### WORK INSTRUCTION
Write out each line of the material below once more, exactly as it appears.

### RECORDED INFORMATION
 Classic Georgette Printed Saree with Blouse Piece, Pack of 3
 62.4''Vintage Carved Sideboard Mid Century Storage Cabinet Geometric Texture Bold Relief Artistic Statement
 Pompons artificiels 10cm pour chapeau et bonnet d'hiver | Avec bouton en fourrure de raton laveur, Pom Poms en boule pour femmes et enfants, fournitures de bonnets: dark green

### SOLUTION
 Classic Georgette Printed Saree with Blouse Piece, Pack of 3
 62.4''Vintage Carved Sideboard Mid Century Storage Cabinet Geometric Texture Bold Relief Artistic Statement
 Pompons artificiels 10cm pour chapeau et bonnet d'hiver | Avec bouton en fourrure de raton laveur, Pom Poms en boule pour femmes et enfants, fournitures de bonnets: dark green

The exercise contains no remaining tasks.